Advice - How to build my new Hi Fi System please!

Hi Everyone

Completely appreciate how this may be a boring post but you could be saving my life here!

10 years ago I made a very pricey purchase. I bought 15k worth of Cyrus kit and 4k speakers.

Times have changed, I'm older and life got expensive so I had to sell it all. Now I'm starting from scratch again. I don't have a high budget for Cyrus yet or T+A (he he in my dreams) and I like all sorts of genre music. Mostly jazz of all types.
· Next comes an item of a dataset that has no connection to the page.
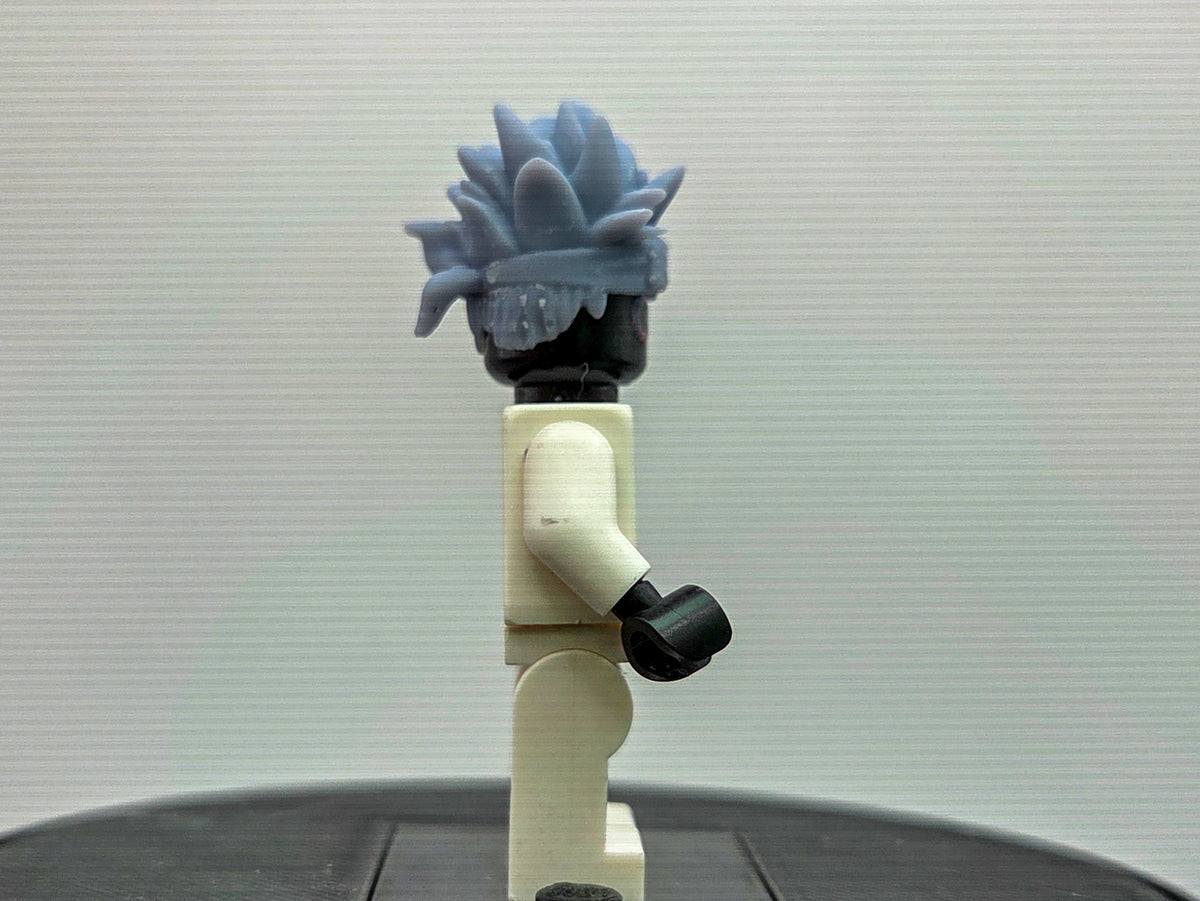 Custom 3D printed ninja that can see future moves hairpiece!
So researching extensively I didn't think buying a premium brand means anything these days, it's personal choice and taste. I don't personally feel attracted to Pioneer but I do like the look of Cyrus and Naim. I'm hoping to upgrade to Arcam as I like the British brand, design and quality.

live heard lots about audio separates costing an absolute bomb when really it's the shell your paying for. Whether that's true or not, I take no judgement.

My first initial idea was to purchase a Denon mini hi fi stack, however I knew it wouldnt suit me further down the years. I saw the Cyrus Streamliner looks great, and a possibility in a months or so but here's my kit so far:-

Cambridge Audio AM5 with Monitor Audio MR2 speakers. Silver Cambridge ultramicro cables (bi-wired).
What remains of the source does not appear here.